Il s’agit d’une carte postale moderne (15×10 cm) provenant d’une série comportant au moins 8 cartes différentes. On y découvre au verso un extrait d’un poème de Pablo NERUDA :
« Mon cœur se tient dans cette lutte. Mon peuple vaincra. Tous les peuples vaincront l’un après l’autre ».
Pablo NERUDA
Comme très souvent, dans ces cartes militantes, il n’est fait mention d’aucun éditeur, ni aucun imprimeur, pour éviter des suites ou des conséquences non désirées. Le graphisme de l’illustration, volontairement anonyme également, fait penser aux affiches qui couvraient les murs de Paris à l’occasion des « évènements de Mai 1968 ». Ce dessin simplifié, provocateur, invoque une idée de révolte avec ces personnages qui exhibent leurs poings levés. Peut-être qu’un de nos lecteurs pourra identifier l’auteur de ce dessin. Si tel était le cas, qu’il nous le communique et nous le publierons.
Il est probable que cette série de cartes a été éditée, juste avant ou juste après, l’attribution du Prix Nobel de Littérature en 1971 à Pablo NERUDA comme consécration de son œuvre.

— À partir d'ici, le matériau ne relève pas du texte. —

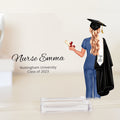 This graduation plaque is the perfect gift for a recent nursing graduate. The plaque features a beautifully detailed nursing cap and stethoscope design, symbolizing the hard work and dedication of the graduate in their chosen field.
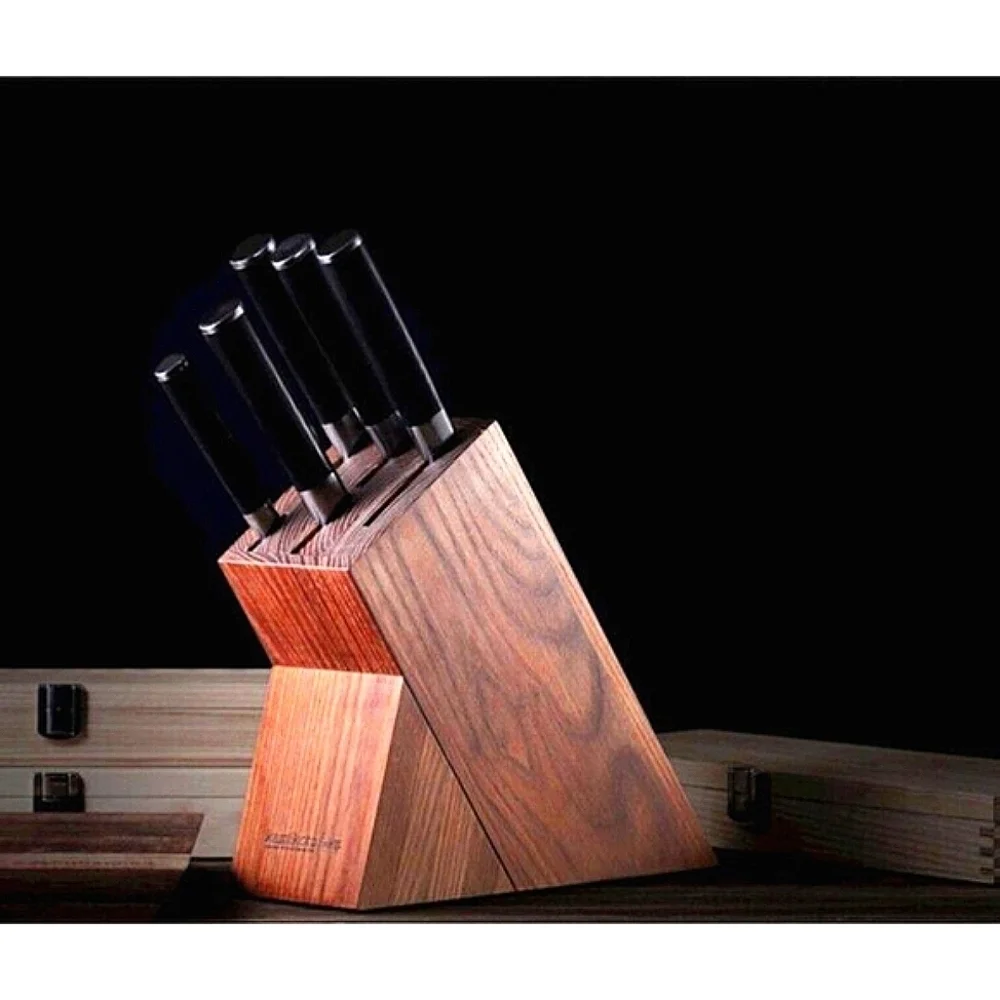 Knife Block Ashwood 5 five Knife Wooden Japanese Knife Holder High Quality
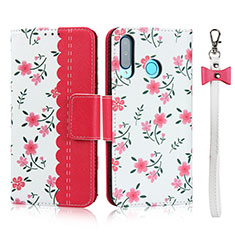 Funda de Cuero Cartera con Soporte Carcasa T10 para Huawei P30 Lite Rojo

C’est sans nul doute une expérience étonnante pour un jeune enfant, de découvrir par hasard une « accumulation » de cartes postales ayant été utilisées. Je précise bien une « accumulation ». Car en principe une collection est le fruit de recherches passionnées et se trouve le plus souvent présentée dans un bel album. En revanche les accumulations, sont des cartes postales en vrac, non classées que l’on a hésité à jeter et qui traînent dans un coin de grenier. De nos jours les greniers se font de plus en plus rares.
Personnellement, vers l’âge de 10 ans, dans le grenier d’une maison de famille, bravant l’obscurité ambiante, où séjournaient des araignées qui me semblaient monstrueuses, je me souviens d’avoir découvert un album fourre-tout, rempli de cartes postales d’avant 1920. Ce qui m’a le plus frappé ce jour-là, c’est l’extrême diversité d’images, n’ayant effectivement aucun rapport entre elles, si ce n’est le fait d’avoir été adressées au même destinataire. Et je fus surtout frappé par des photos de navires de guerre, dotés d’impressionnants blindages pointant leurs canons menaçants vers un ennemi imaginaire.

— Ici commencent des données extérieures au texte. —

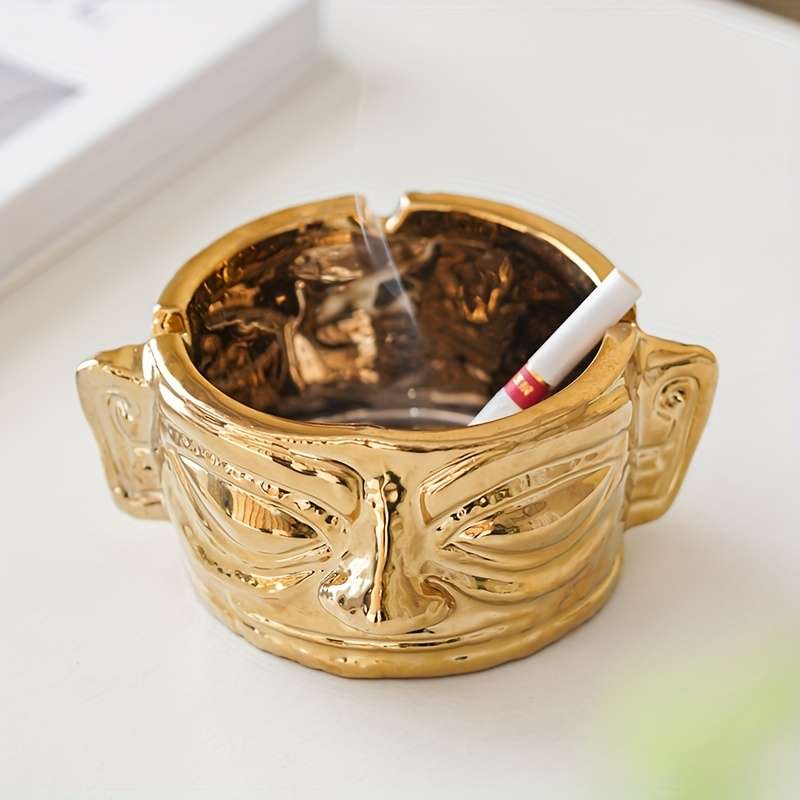 1pc Modern Ashtray for Home Living Room Lightweight Luxury Sealed Anti-ash High-end Cigarette Hold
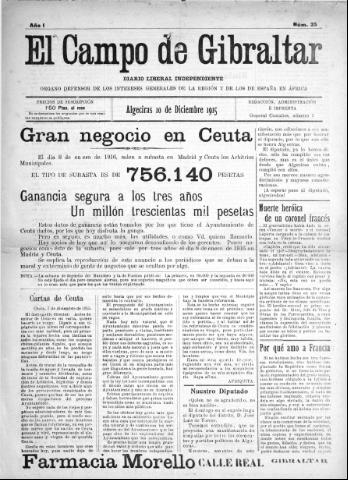 'El Campo de Gibraltar  : Diario liberal independiente' - Año I Número 35 - 1915 diciembre 10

Inutile de vous rappeler ici, avec quel bonheur de nombreux poètes et écrivains tels qu’André BRETON, Paul ELUARD ont pris du plaisir à s’intéresser aux cartes postales anciennes considérées pour certaines d’entre elles, comme étant des précurseurs du surréalisme. Désormais il est un autre poète contemporain qu’il convient de rajouter à ces amateurs d’insolite. Il s’agit de Pablo NERUDA.

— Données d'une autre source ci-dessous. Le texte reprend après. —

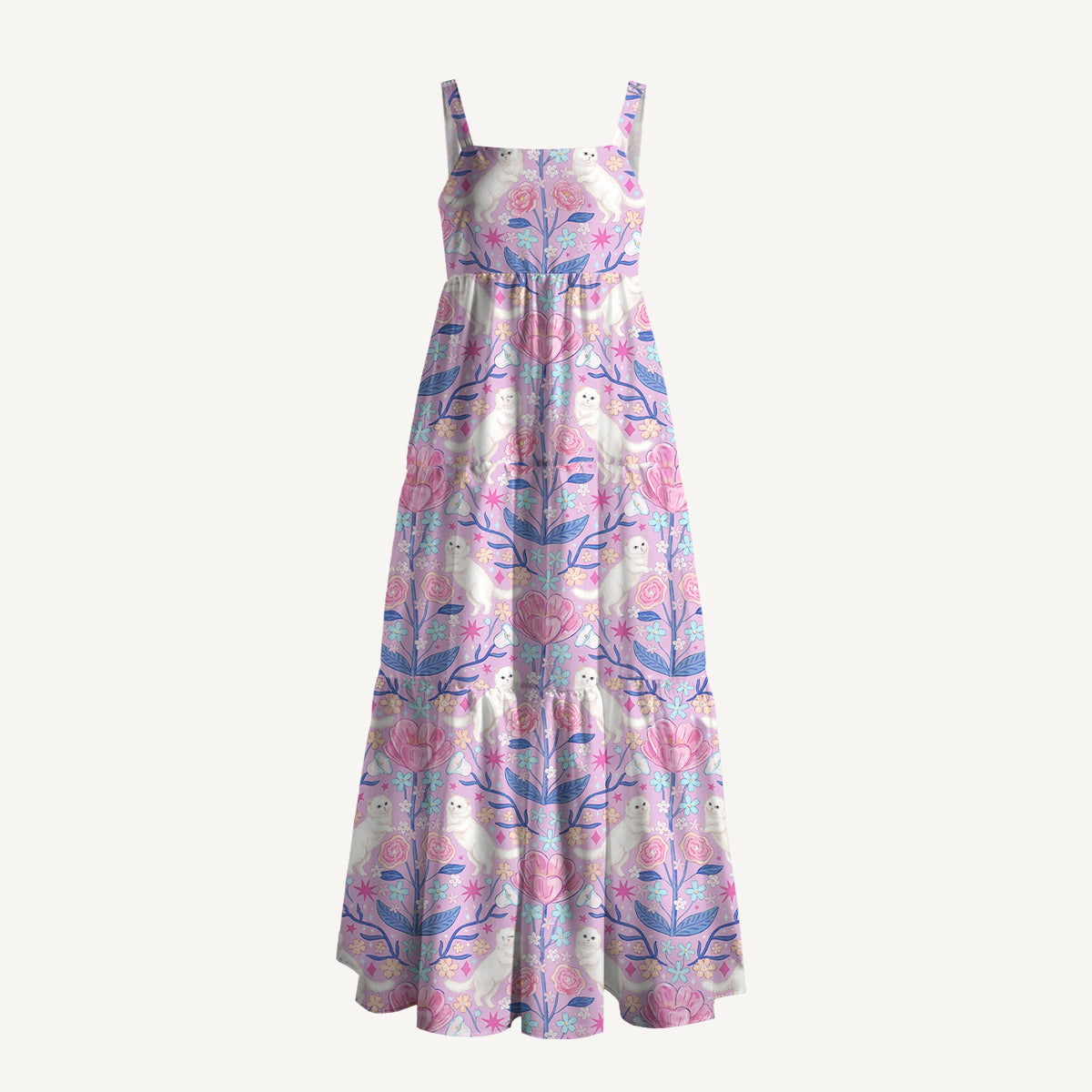 Cute White Cat Print Wide Straps Maxi Dress With Pockets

Prix NOBEL de littérature en 1971, Pablo NERUDA est né le 12/07/1904 à PARRAL Chili, décédé le 23/09/1973 à Santiago du Chili. Dans ses mémoires : « J’AVOUE QUE J’AI VÉCU », publiées en 1975 par GALLIMARD, traduite de l’Espagnol par Claude COUFFON, il nous explique, que vers l’âge de 8 ans, il avait découvert dans sa maison une malle pleine d’objets fascinants. Laissons-lui la parole :
« Je conserve un autre souvenir de cette malle : le premier roman d’amour qui me passionna. C’étaient des centaines de cartes postales envoyées par quelqu’un qui signait Enrique ou peut-être Alberto et qui, toutes étaient adressées à Maria THIELMAN. Ces cartes étaient merveilleuses. Elles reproduisaient les portraits des grandes artistes de l’époque, sertis de paillettes et sur lesquels on avait collé parfois une poignée de cheveux. Il y avait aussi des châteaux, des villes et des paysages lointains. Durant des années je ne m’intéressais qu’aux images. Mais devenu plus grand, je me mis à lire des doux messages si parfaitement calligraphiés. Je me suis toujours imaginé que le galant en question portait un chapeau melon, avait une canne et un brillant épinglé à sa cravate. Pourtant les lignes que le voyageur écrivait et envoyait de tous les coins du globe enthousiasmaient par leur passion. C’étaient des phrases éblouissantes et pleines d’audace amoureuse. Je commençai à m’éprendre à mon tour de cette Maria THIELMAN que je me représentais comme une actrice dédaigneuse sous son diadème de perles. »
Pablo NERUDA
Pour ceux qui en douteraient encore, c’est un peu la démonstration que poésie et cartophilie font souvent bon ménage.